The NZX-listed company has revealed it awarded the millions of stock options to Sodi, and another 250,000 to an unnamed executive, in a move that did not comply with its own incentive plans.
Sodi was to receive a maximum of 500,000 options in 2011 but received 3 million that year, and had already been awarded 1.6 million share options over what he was allowed in the 2009 year.
It is not known how many shares have been vested by the employees nor what the full value of the options could be because the incentive guidelines were not released by Diligent.
In a statement to the market, Diligent explained the non-compliant rewards were "inadvertent and attributable in part to the constrained resources of Diligent in a period of financial difficulty in the years following its listing".
The United States and New Zealand-based company said it faced complex regulatory and compliance obligations across multiple jurisdictions with differing regulations and requirements.
But the president of the New Zealand Shareholders' Association, John Hawkins, said the company's explanation did not excuse the error and it reflected poorly on the company's audit committee.

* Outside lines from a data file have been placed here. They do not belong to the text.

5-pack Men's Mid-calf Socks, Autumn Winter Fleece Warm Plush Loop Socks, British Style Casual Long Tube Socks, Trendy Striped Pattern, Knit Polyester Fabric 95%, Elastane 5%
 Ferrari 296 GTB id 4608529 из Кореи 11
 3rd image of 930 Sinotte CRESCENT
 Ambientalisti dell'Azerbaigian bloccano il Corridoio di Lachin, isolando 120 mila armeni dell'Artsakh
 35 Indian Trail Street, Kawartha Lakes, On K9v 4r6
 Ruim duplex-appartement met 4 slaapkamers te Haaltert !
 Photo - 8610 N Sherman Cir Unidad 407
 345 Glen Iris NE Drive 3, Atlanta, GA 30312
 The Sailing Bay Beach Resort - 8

The committee has included Rick Bettle, Mark Russell and Peter Huljich until his resignation in 2011 when he was convicted of misleading investors in his own fund management business.
Hawkins believed more specific reporting of share option allocations in the company's annual reports, as is done in many other companies' reports, could have prevented the problem from arising or made the errors more noticeable. The annual reports show maximum amounts of options to be issued overall but does not specify how many can be allocated to individual staff such as the chief executive.
However the reports do record that Sodi's stock option income for 2009 was $73,545, for 2010 was $161,051, and for 2011 was $392,657 - not all of which was derived from non-compliant options.
Diligent has said the option awards that exceeded the caps would be cancelled and the special committee was working on alternative compensation packages for the executives involved.
"These awards were determined to be reasonable compensation at the time and were an important incentive component of the employees' compensation packages."
Hawkins said any alternative compensation being offered to the affected employees would likely need shareholder approval which, he said, would be a chance for investors to ask further questions.
Brian Gaynor, whose Milford Asset Management funds own 9 per cent of Diligent's shares, said he did not consider the error as major and understood the difficult period the company went through post-IPO when the share price reached a low of 13 cents.
Gaynor said he only hoped Sodi could now be remunerated properly so Diligent would not lose him to another company.
Meanwhile, Diligent has said there could be more instances of non-compliance, particularly because no prospectus was issued when offering smaller lots of stock options to employees. The Financial Markets Authority said it was working with Diligent to identify whether a breach of securities law had occurred.